The relay determines which model to heat based on the trip and close inputs. When a trip input is
asserted, the relay closes switch T and opens switch C. When the close input is asserted, the relay
closes switch C and opens switch T.
The 47Q negative-sequence overvoltage element supervises heating of the close resistor thermal
model. If the breaker is closed and the 47Q element picks up, the relay inhibits heating of the
close resistor thermal model. Pickup of the 47Q element indicates a blown potential fuse.
The thermal models and 37OP overpower element use current through the breaker and voltage
across it. When power dissipated in the breaker exceeds the 37OP setting value, the 62OP pickup
timer starts. If 37OP remains asserted for 62OP time, the H1 and H2 switches close. The close
or trip resistor thermal model (CRTM or TRTM) heats, depending on the state of the switches T
and C. If the energy accumulated by the thermal model reaches the 26CP (or 26TP) level before
the 37OP element drops out, the CRP_ (or TRP_) (close or trip resistor pending failure) bit
asserts in the Relay Word. If 37OP remains asserted until the resistor energy reaches the 26CF
(or 26TF) value, the CRF_ or TRF_ (close or trip resistor failure) bit asserts in the Relay Word.

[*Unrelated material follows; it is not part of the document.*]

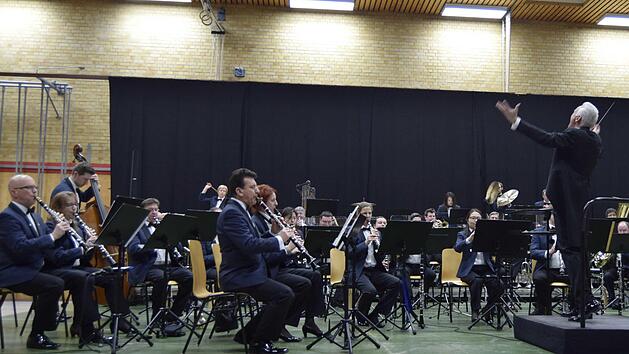 Das Polizeiorchester Bayern begeisterte unter der Leitung von Chefdirigent Professor Johann M&ouml;senbichler. Fotos: Andreas Welz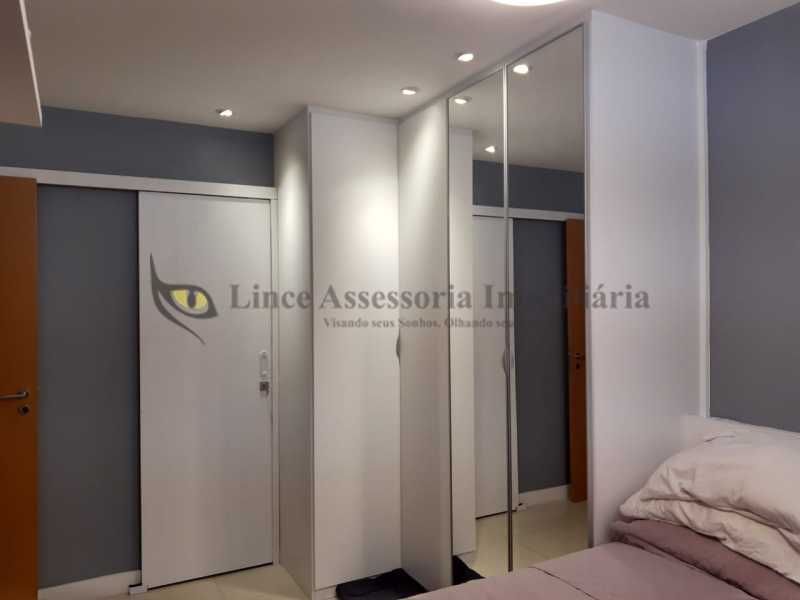 Apartamento à venda com 3 quartos, 76m² - Foto 10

The Relay Word bits CTF (Close resistor Thermal Failure) and TTF (Trip resistor Thermal
Failure) assert when any Close or Trip resistor thermal model has reached the failure energy level
and at least 0.1 amp secondary of current is flowing in the hot resistor phase. If you set the CTF
and TTF bits in the M86T logic mask, the relay asserts the 86BF TRIP outputs when a resistor
thermal failure occurs.
The relay models cooling of the breaker resistors using a settable time constant. The thermal
failure and pending failure elements do not drop out until the resistor thermal models have cooled
below the element thresholds. The cooling function helps prevent hot resistors from being put
back in service.
Thermal model cooling is performed at discrete time intervals. Tests reflect this interval as a
uniformly distributed measurement error with bounds of ±T minutes where RTC equals the
resistor cooling time constant and:
T = RTC (minutes) / 383
No initiating input is required with this protection scheme. If the protected breaker is not
equipped with trip or close resistors, do not enable this function for 86BF tripping. Three-phase
potential inputs from both sides of the protected breaker are required when you use the thermal
protection logic, see
Section 5: Applications
.
Use the
HEAT
command to track or reset thermal model resistor energy.